▶ **YOUR INSTRUCTIONS**: Return only the lines of the listing below that run from the line with "Camila se convierte" through the line with "2589 NW Champion Circle, Bend, OR 97703", both ends included, exactly as written.

▶ **DATA FOR THIS TASK**:
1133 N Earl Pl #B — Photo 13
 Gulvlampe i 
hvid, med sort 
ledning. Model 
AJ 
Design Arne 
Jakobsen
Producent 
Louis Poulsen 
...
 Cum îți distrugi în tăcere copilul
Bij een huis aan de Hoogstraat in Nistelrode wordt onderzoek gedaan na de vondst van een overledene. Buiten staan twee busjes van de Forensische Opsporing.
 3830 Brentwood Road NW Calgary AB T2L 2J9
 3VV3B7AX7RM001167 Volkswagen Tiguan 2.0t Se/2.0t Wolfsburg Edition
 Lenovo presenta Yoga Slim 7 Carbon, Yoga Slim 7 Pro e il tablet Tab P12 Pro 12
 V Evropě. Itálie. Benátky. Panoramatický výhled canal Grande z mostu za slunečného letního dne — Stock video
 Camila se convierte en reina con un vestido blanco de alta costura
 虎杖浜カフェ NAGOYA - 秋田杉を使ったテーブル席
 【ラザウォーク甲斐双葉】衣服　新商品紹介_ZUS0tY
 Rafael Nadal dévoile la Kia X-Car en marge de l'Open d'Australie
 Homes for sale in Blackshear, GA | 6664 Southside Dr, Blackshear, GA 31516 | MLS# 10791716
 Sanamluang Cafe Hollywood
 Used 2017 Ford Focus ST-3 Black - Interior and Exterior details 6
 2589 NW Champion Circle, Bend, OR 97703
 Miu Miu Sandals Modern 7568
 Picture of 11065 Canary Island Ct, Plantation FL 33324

▶ **REPLY TO THE EXERCISE**:
 Camila se convierte en reina con un vestido blanco de alta costura
 虎杖浜カフェ NAGOYA - 秋田杉を使ったテーブル席
 【ラザウォーク甲斐双葉】衣服　新商品紹介_ZUS0tY
 Rafael Nadal dévoile la Kia X-Car en marge de l'Open d'Australie
 Homes for sale in Blackshear, GA | 6664 Southside Dr, Blackshear, GA 31516 | MLS# 10791716
 Sanamluang Cafe Hollywood
 Used 2017 Ford Focus ST-3 Black - Interior and Exterior details 6
 2589 NW Champion Circle, Bend, OR 97703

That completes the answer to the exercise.